> [Data for review]
==============================

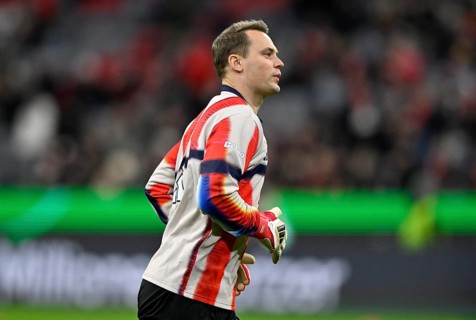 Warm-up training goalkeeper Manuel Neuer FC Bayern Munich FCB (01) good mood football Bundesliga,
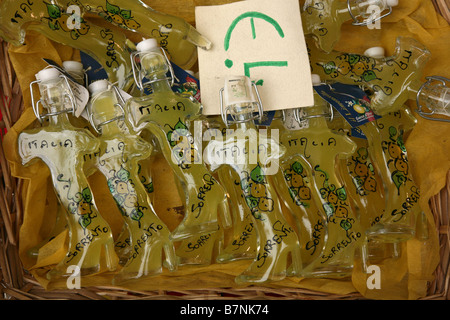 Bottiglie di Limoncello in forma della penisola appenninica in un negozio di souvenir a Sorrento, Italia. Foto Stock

==============================

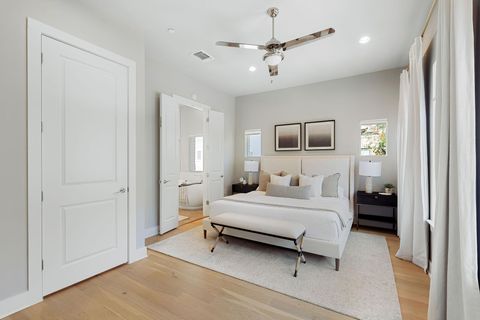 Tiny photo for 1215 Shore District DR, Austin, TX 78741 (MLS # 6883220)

==============================

> [Prompt]
Only the lines between the one with "Warm-up training goalkeeper" and the one with "Bottiglie di Limoncello", those two included, get copied from the material above. Keep it exact and free of pictures.

> [Answer section]
 Warm-up training goalkeeper Manuel Neuer FC Bayern Munich FCB (01) good mood football Bundesliga,
 Bottiglie di Limoncello in forma della penisola appenninica in un negozio di souvenir a Sorrento, Italia. Foto Stock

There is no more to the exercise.